H. Rap Brown
October 4, 1943 –
Raised in Baton Rouge, Louisiana
When Hubert “Rap” Brown joined efforts to hold a Freedom Vote in Greene County, Alabama in 1966, he was a veteran of direct action. At the age of 15, he organized a walkout of students at Southern High School in Baton Rouge, Louisiana in solidarity with ongoing demonstrations at nearby Southern University. The walkout caused the administration to shut the school down for two days and nearly got him expelled. Eight years later, H. Rap Brown joined with local activists in the Alabama Black Belt to challenge white supremacy through the ballot box. In Greene County, that meant fighting to get Black candidates on the ballot, and it meant direct confrontations with authorities. Brown was steadfast in his determination and deeply committed to the cause. “I knew it was my responsibility to work for the liberation of my people and anybody who tried to stop me might get killed.”
Hubert Gerold “Rap” Brown was born and raised in Baton Rouge, Louisiana. As a child, he was sent to a Catholic orphanage for schooling, but he was frustrated with school and “always at odds with teachers.” He had to learn to protect himself from gangs of older children every day on the way home from school and became adept at fighting with his fists and his words. The name “Rap” was given to him in respect for the word games that he played with other boys on the streets, demonstrating his command of language, a sharp wit, and a mature political sensibility.
His older brother, Edward Brown, helped direct his youthful enthusiasm toward constructive uses in the Movement. As a student at Southern University, Ed Brown was expelled after participating in and leading protests and decided to move to Washington, D.C. where he enrolled at Howard University. Ed would regularly host his younger brother and bring him to meetings on campus with the Nonviolent Action Group (NAG). Through NAG and its members, which included Stokely Carmichael, Courtland Cox, and Muriel Tillinghast, Rap Brown was introduced to the Movement and to important political ideas and practices. By 1964, he was one of the leaders of the NAG chapter at Howard, although he was not a Howard student.
He came to Mississippi as a volunteer during the 1964 Freedom Summer. But frustrated by the barriers to voting rights there, he returned to Washington after only four weeks. His alienation from establishment political processes grew after the challenge by the Mississippi Freedom Democratic Party (MFDP) in Atlantic City and the failure of President Johnson to recognize the validity of that challenge. The two seats offered as a compromise to the MFDP’s demand for full seating infuriated Brown, who declared that the experience was “very significant because it made us realize that the whole conspiracy was not just a conspiracy of the South.” Brown blamed “the liberals, our friends,” for “turn[ing] against us.”

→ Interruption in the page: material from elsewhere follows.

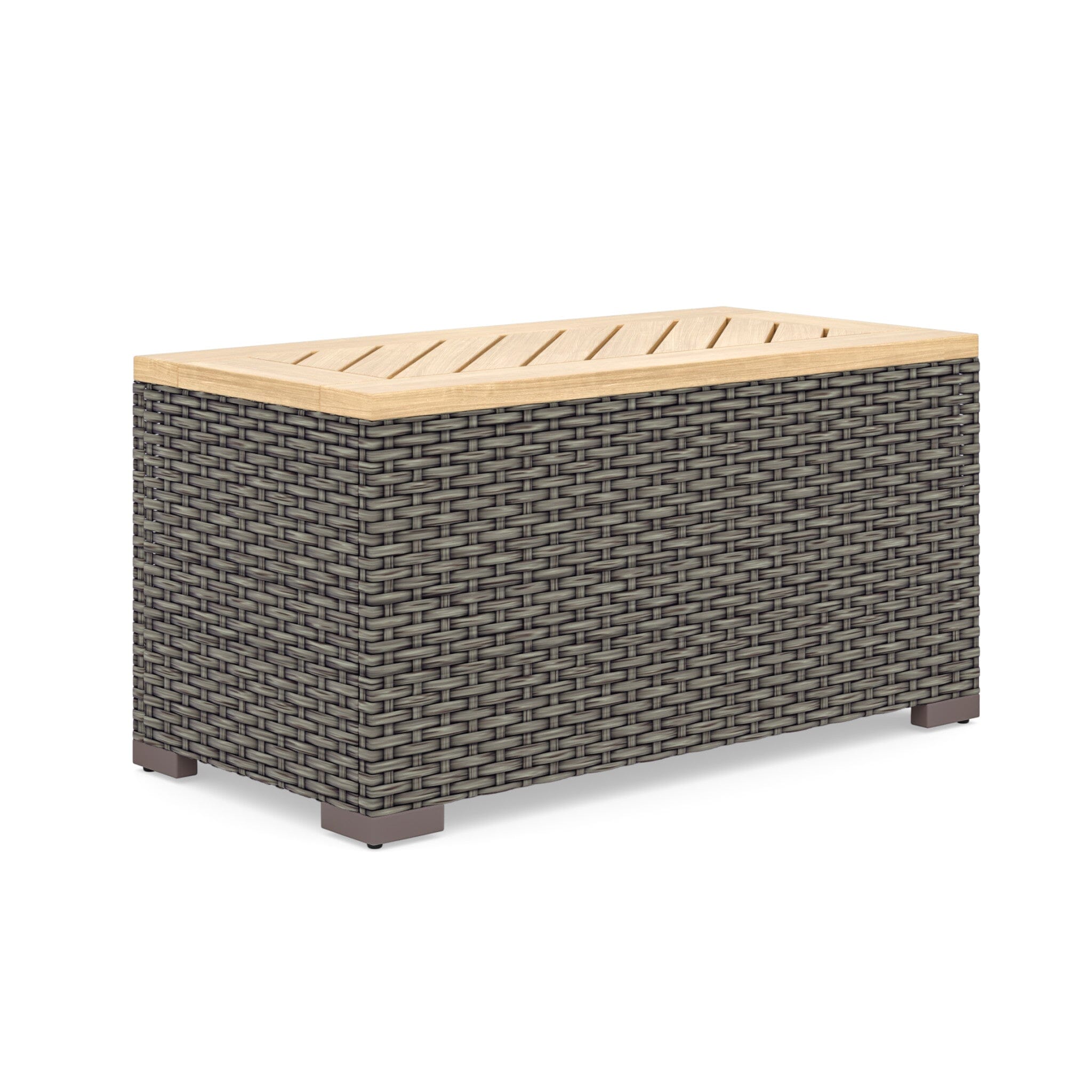 Modern & Contemporary Outdoor Storage Table By Boca Raton Storage Table Boca Raton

After Stokely Carmichael stepped down as SNCC’s chairman to pursue grassroots activism, Brown was elected to the position at Carmichael’s recommendation. Carmichael called him “a serious, strong brother” with “a calm, deliberate manner and a presence that inspired confidence.” Brown’s tenure, however, was marked with escalating conflict and confrontation with authorities. He was instrumental in the renaming of SNCC which replaced “Nonviolent” with “National.” Confrontations with authorities escalated to the point where the U.S. Congress passed an anti-riot act, known as the “Rap Brown Law,” in 1968. Legal troubles forced Brown to step down from SNCC, but he remained committed to the Movement. “Liberation movements,” he argued, “must be based upon political principles that give meaning and substance to the struggles of the masses of people, and it is this struggle that advances the creation of a people’s ideology.”

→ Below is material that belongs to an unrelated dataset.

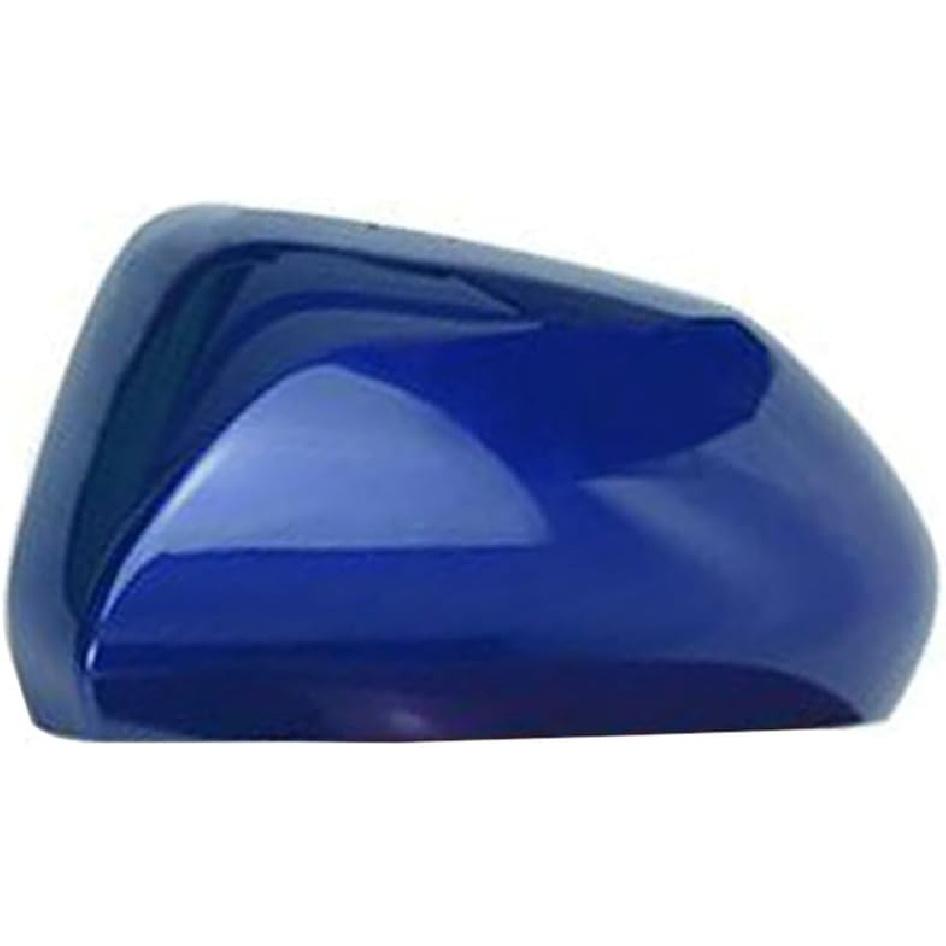 Car Side Rearview Mirror Cap Cover Trim For Toyota Camry 2018      Replacement (Only FIT With Singal Light Type) (Black, Right Passenger Side)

Brown was arrested for robbery and jailed in Attica Prison (1971-76). While incarcerated, he embraced Islam and adopted the name Jamil Abdullah Al-Amin. After his release he became an important spiritual leader in Atlanta’s West End, campaigning against drugs. In 2000, he was accused and convicted of shooting two Fulton County deputy sheriffs. He is currently in prison serving a life sentence.
Sources
H. Rap Brown, Die, Nigger, Die! A Political Autobiography of Jamil Abdullah al-Amin (Chicago: Chicago Review Press, April 1, 2002).
Clayborne Carson, In Struggle: SNCC and the Black Awakening of the 1960s (Cambridge: Harvard University Press, 1981).
James Forman, The Making of Black Revolutionaries (Seattle: University of Washington Press, 1997).
Faith S. Holsaert, et al., Hands on the Freedom Plow: Personal Accounts by Women in SNCC (Urbana: University of Illinois Press, 2012).
Hasan Jeffries, Bloody Lowndes: Civil Rights and Black Power in Alabama’s Black Belt (New York: New York University Press).